# Work instructions
Write every record out again exactly, and keep images out of it.

---------- Dataset entries

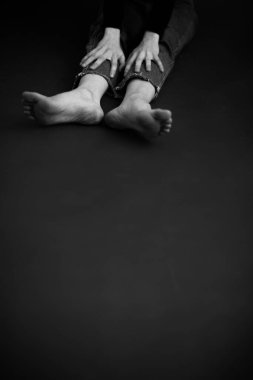 Güzel bir kızın vücudu, moda ve sanat, otantik siyah beyaz fotoğraf çekimi.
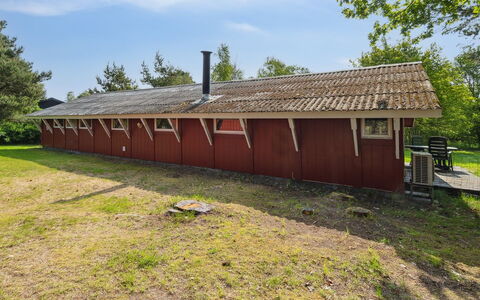 Feliza - from the Sea: Toit, Chalet, Domicile, Ombre, Siding, Ferme, Porche, Structure En Plein Air, Batiments Jardin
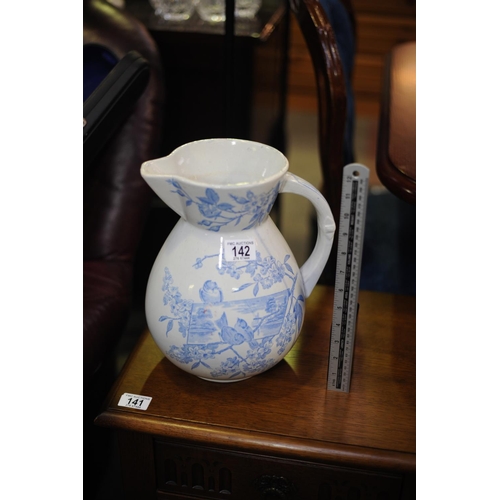 142 - Large Tom Tit Jug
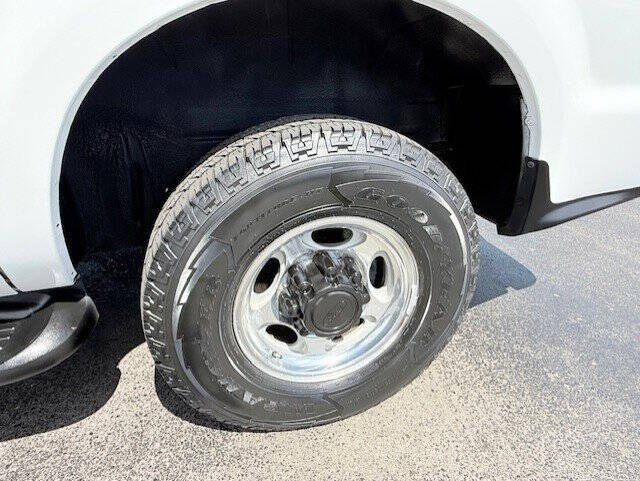 2003 Ford Excursion XLT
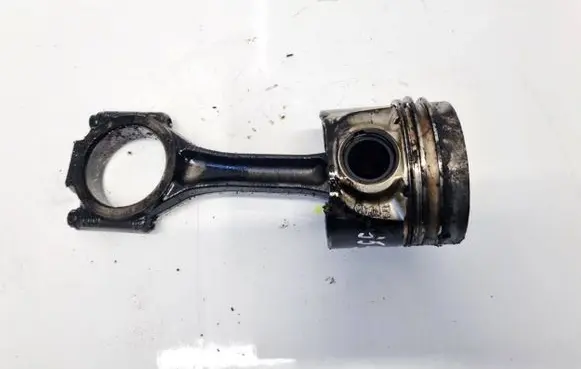 Volkswagen PASSAT B5.5 Piston with connecting rod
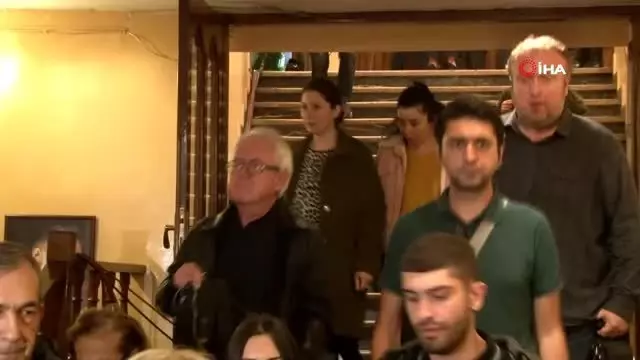 Yıldız Kenter için Kenter Tiyatrosu'nda tören düzenlendi Yıldız Kenter için Kenter Tiyatrosu'nda tören düzenlendi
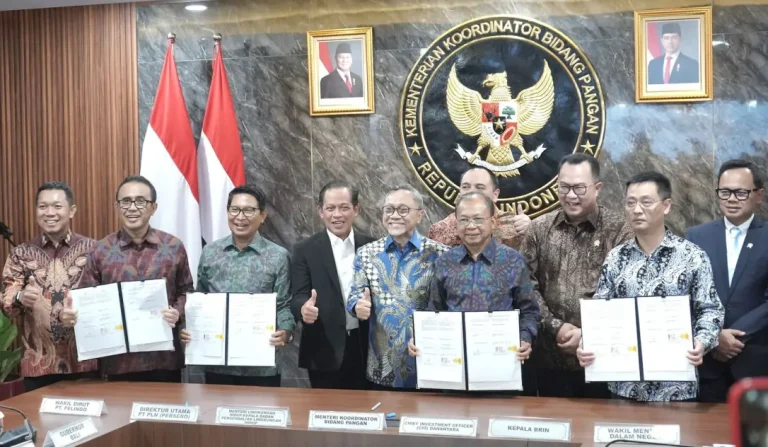 Pemerintah Kota Denpasar resmi memasuki tahap awal implementasi proyek Pengolahan Sampah menjadi Energi Listrik (PSEL) setelah penandatanganan Perjanjian Kerja Sama (PKS) tahap I, Selasa 21 April 2026, di Kantor Kementerian Koordinator Bidang Pangan, Jakarta.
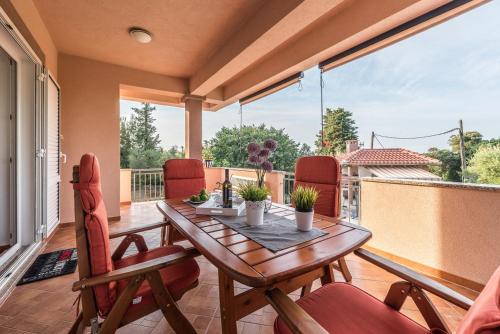 Family friendly apartments with a swimming pool Sutomiscica Ugljan - 13872 - image 12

--------------------

# Exercise output
 Güzel bir kızın vücudu, moda ve sanat, otantik siyah beyaz fotoğraf çekimi.
 Feliza - from the Sea: Toit, Chalet, Domicile, Ombre, Siding, Ferme, Porche, Structure En Plein Air, Batiments Jardin
 142 - Large Tom Tit Jug
 2003 Ford Excursion XLT
 Volkswagen PASSAT B5.5 Piston with connecting rod
 Yıldız Kenter için Kenter Tiyatrosu'nda tören düzenlendi Yıldız Kenter için Kenter Tiyatrosu'nda tören düzenlendi
 Pemerintah Kota Denpasar resmi memasuki tahap awal implementasi proyek Pengolahan Sampah menjadi Energi Listrik (PSEL) setelah penandatanganan Perjanjian Kerja Sama (PKS) tahap I, Selasa 21 April 2026, di Kantor Kementerian Koordinator Bidang Pangan, Jakarta.
 Family friendly apartments with a swimming pool Sutomiscica Ugljan - 13872 - image 12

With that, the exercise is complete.